Thank you, John. I was going to ask about what I thought were the skyscrapers and the clouds, but they've become the fuzzy bars, but appreciate the clarity that you gave on those. Just to follow-up to the last comment you made, can you talk a little bit more about the pricing of Gorgon? Because I think what you just said was that at today's prices it will be very profitable. Is that because of the S curve?
Or is it just a fact of the netback at these prices being good? And then my bigger question is, the industry has had an issue with pro cyclicality with everyone doing the same thing all at the same time. And everyone's now saying, we're going to cut our CapEx, cut our big projects, and we're going to flex in U. S. Unconventional.
And by the way, all these costs will be maintained at lower levels.
It
feels like that can't happen. Can you just address what you're doing to be not procyclical, what you're doing unlike others and how you differentiate in that regard? Thank you.
Sure. Mike, why don't you talk a little bit about what we can say on our LNG contracts and pricing? Yes.
So on the LNG contracts, they are long term oil indexed contracts and we really don't have S curves that
are in place. So we're going to see
prices that reflect the contracting environment of a few years ago, which is different than the contracting environment we have today. And we are relatively well covered to cover the ramp up period of time. And as we move through that and as we establish reliable operation, you look at our Northwest Shelf plant where we're at 95% coverage or so on long term contracts. We'll move from the 80 ish range that we're in now gradually up to a higher level as we get the 6 trains on and we establish reliable operations there. So good strong oil indexation, long term contracts with good buyers who understand these markets and are not prone to chase short term changes, but really looking for long term reliability of supply.
Yes.
A couple of things. Then I'll just add on your comment of cyclicality in the business. When we were start up all these big QO projects, we knew there was some downside risk to prices. Like a few years ago at this meeting, I commented on that when we had more cash than debt on our balance sheet. And we didn't expect price to drop to where they are today.
And we prefer to not have a big herd effect, if you will, in terms of projects. The reality is the LNG market is different than we expected. So I don't expect to see too many projects moving in the very near term just based on economics of new supply alone. And as we are completing projects under construction, we need to live, as I say, within our means during this period. Now we are taking some, what you might call countercyclical moves.

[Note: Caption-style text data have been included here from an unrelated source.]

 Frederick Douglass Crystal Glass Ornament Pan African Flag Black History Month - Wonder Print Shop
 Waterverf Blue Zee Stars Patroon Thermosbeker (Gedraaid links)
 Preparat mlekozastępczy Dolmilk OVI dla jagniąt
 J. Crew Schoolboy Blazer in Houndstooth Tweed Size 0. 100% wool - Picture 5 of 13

I think you'd say the Tengiz project is one that's not premised on $40 oil. It's going to require higher price, but we think that's the right thing to do. And by the time that comes online, we think it will prove to be a good investment. We're also preserving a fair number of options. And if you look at what we're doing in the Gulf of Mexico, for example, we've talked about our anchor discovery.

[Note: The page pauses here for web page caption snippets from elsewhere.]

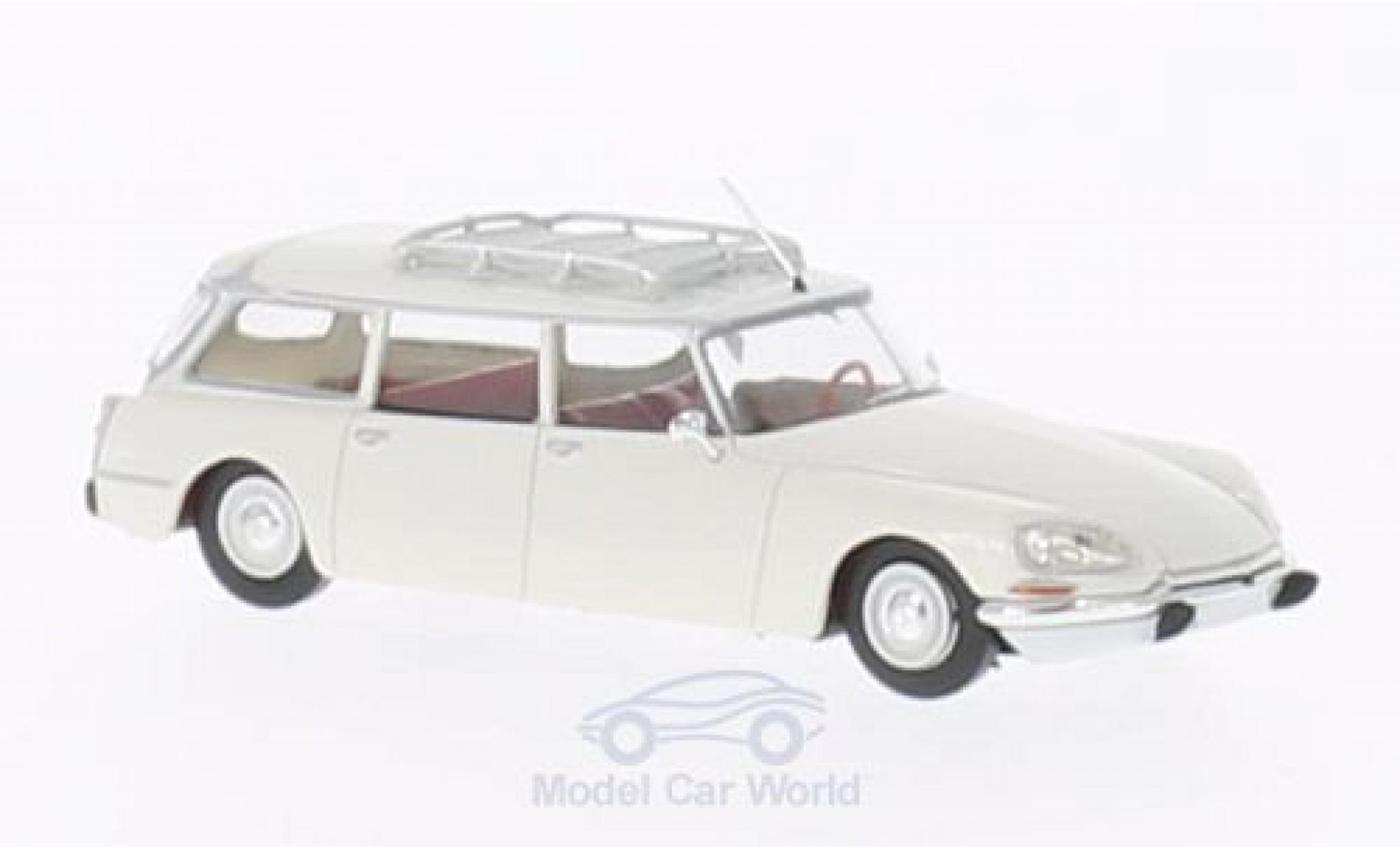 Citroen DS 1/87 Brekina Stationwagen wit modelauto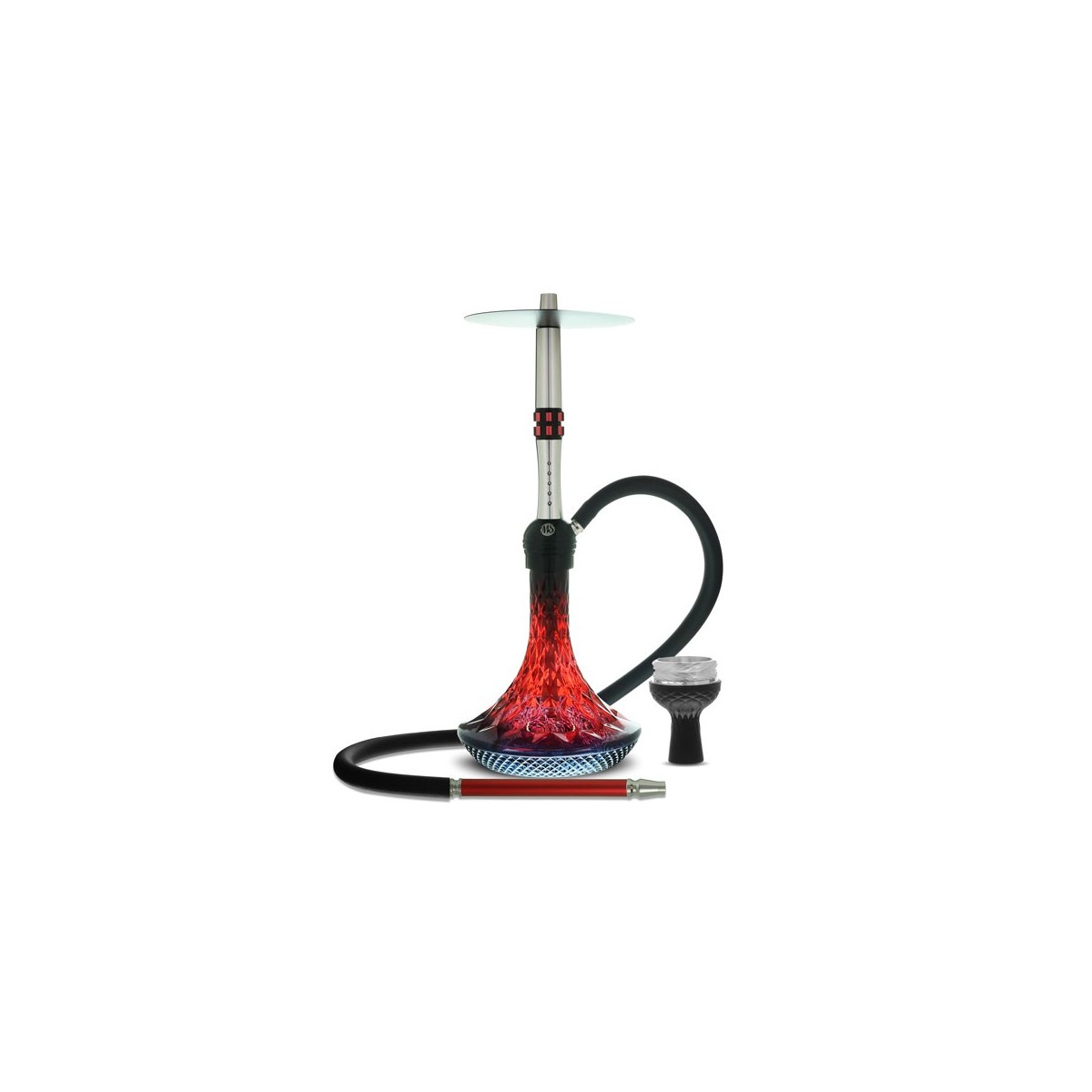 Chicha MS Black Diamond - Narguilé et son vase luxueux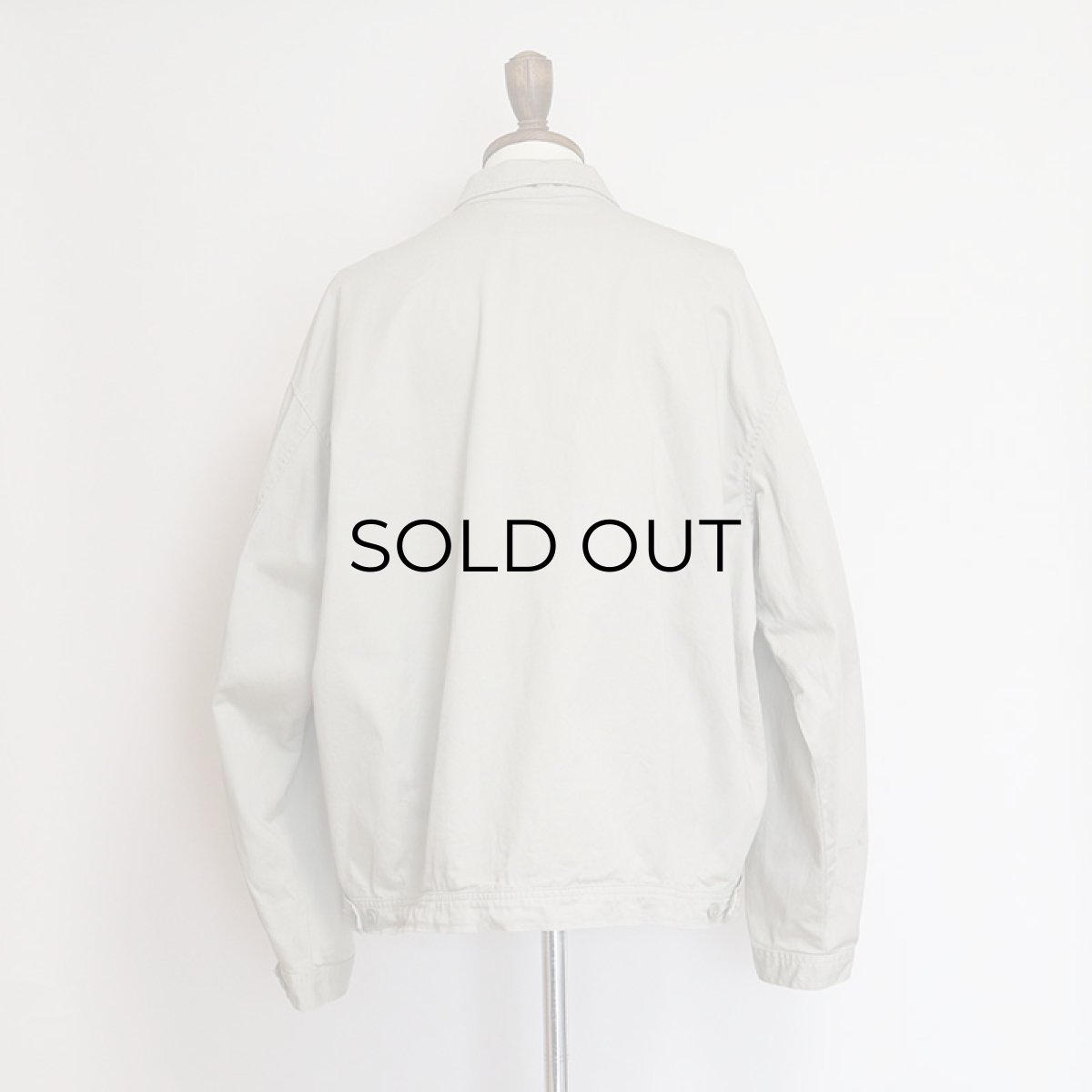 画像13: POLO JEANS CO. COTTON TWILL ZIP SPORTS JACKET (13)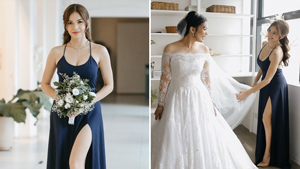 We're In Love With Andrea Torres' Sultry Minimalist Bridesmaid Look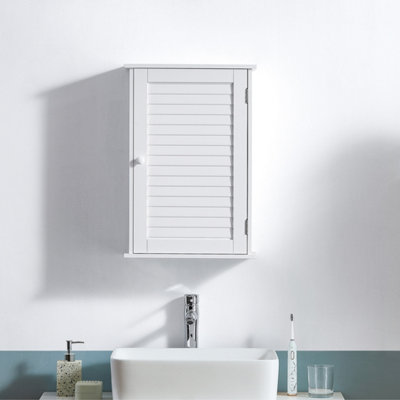 Bath Vida Priano Armoire de Salle de Bain Armoire de Rangement sur Pied en Bois Tallboy Unit, Blanc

We've talked about Tigris. We've talked about we've got 3 or so exploration wells that we'll be drilling this year. Those are not premised on $40 full cycle economics either. Costs are coming down. Full cycle costs are coming down.

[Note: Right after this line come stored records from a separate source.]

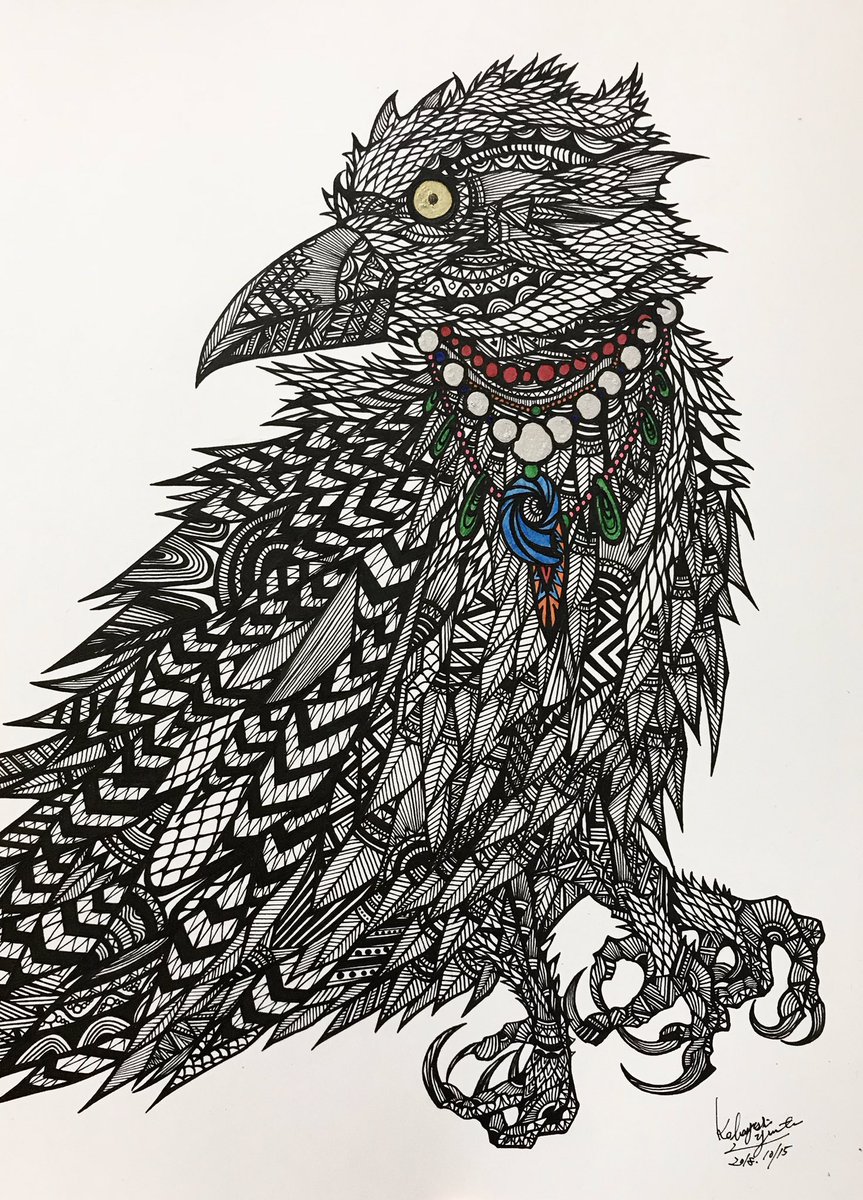 うつ絵師 優太 個展開催中 على تويتر この子のスマホカバーも作るかもですw スマホカバー ヤタガラス カラス 絵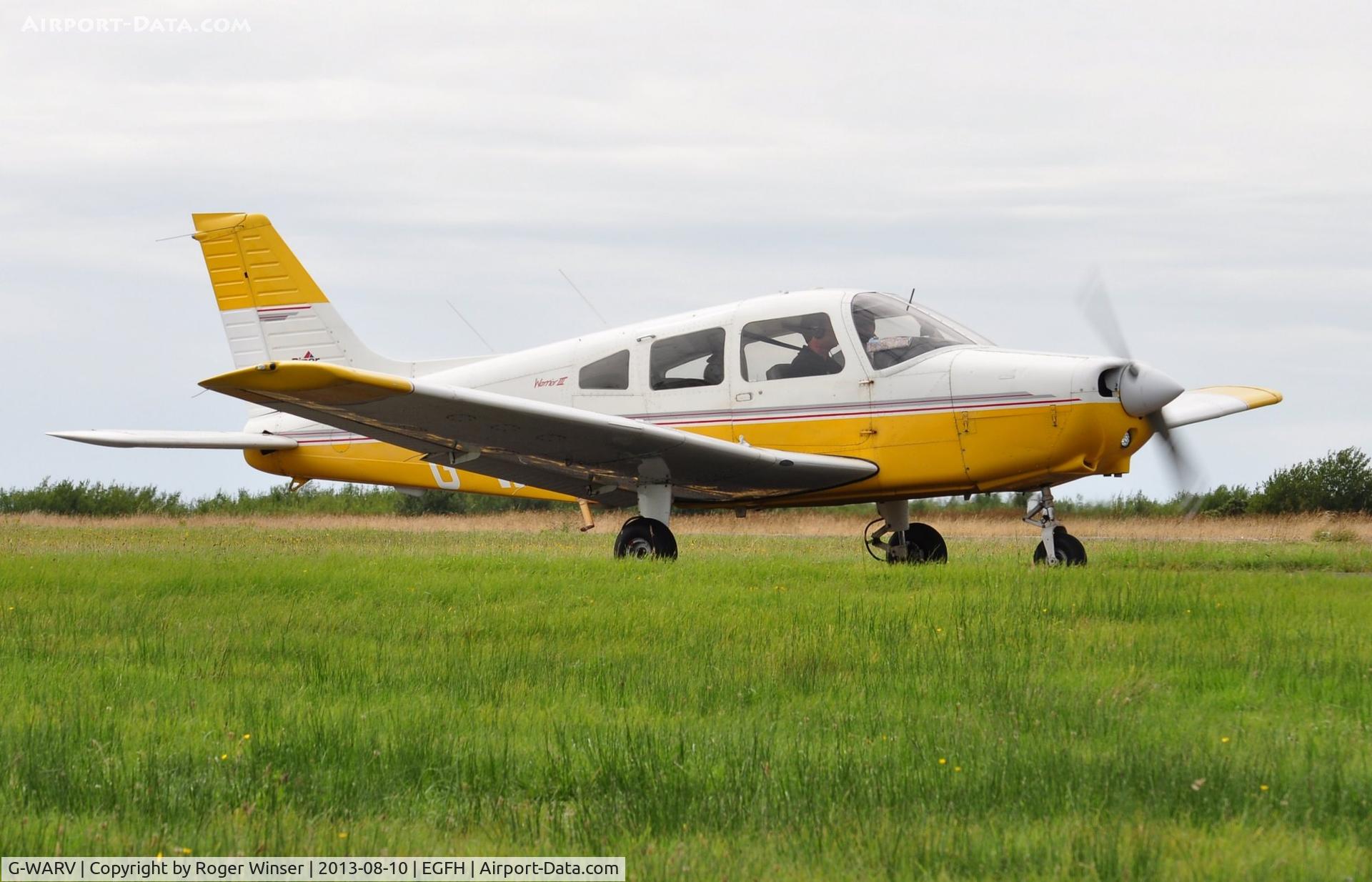 G-WARV, 1998 Piper PA-28-161 Cherokee Warrior III C/N 2842036, Visiting Cherokee Warrior III.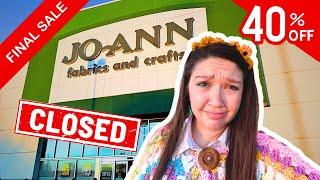 Saying Goodbye to Joann Fabrics and Crafts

But we are making some of those countercyclical moves. So we are having to make some choices. We do need to bring costs down, but it's not as though we're abandoning some of these other asset classes. We do we will need them. Just want to be clear.
We've said that we think with Brent at 40 I'm saying we're just this morning with Brent at $40 a barrel, when you apply the contracts that we have in place and even with a percentage of spot sale cargoes, we think we'll be profitable even at today's prices given those indexation contracts that Mike was referring to. Yes, we'll go back here. Sorry, I can't see that one.
Thanks. Ryan Todd at Deutsche Bank. Maybe if I could ask you a couple of things around sensitivities around use of cash. I guess as you look forward, you have the bar that you've given out over the next couple of years, which we appreciate. If oil prices were to stay materially lower into 2017 2018, what additional flexibility do you have on the downside of that capital budget?
And then as oil prices recover and I guess particularly as they get back above the $52 barrel breakeven, how do you prioritize the use of cash in terms of share buyback versus capital ramp up versus other uses, I guess?
Yes. I'll take the first part of it, and then I'll let Pat take the second part. I mean, we've given you a range of capital spend of $17,000,000,000 to $22,000,000,000 and that's a fairly good range over the near term and it accounts for the in general the range of prices that we expect to see. If for example $30 oil stayed for 2 more years, I mean we would continue to drive costs and expenses down in the business. The industry has had difficulty predicting where the cost of goods and services will go, but activity will decline in time.
We have rigs, for example, that are coming off contract, deepwater rigs that are coming off contract over the next 2 years. And so costs will come down or we won't renew those contracts if we're still 2 years from now sitting at $30 oil. So there is more flexibility downward, but we've tried to give you a reasonable range. Now we do see supply and demand coming back into balance. We've seen estimates that the U.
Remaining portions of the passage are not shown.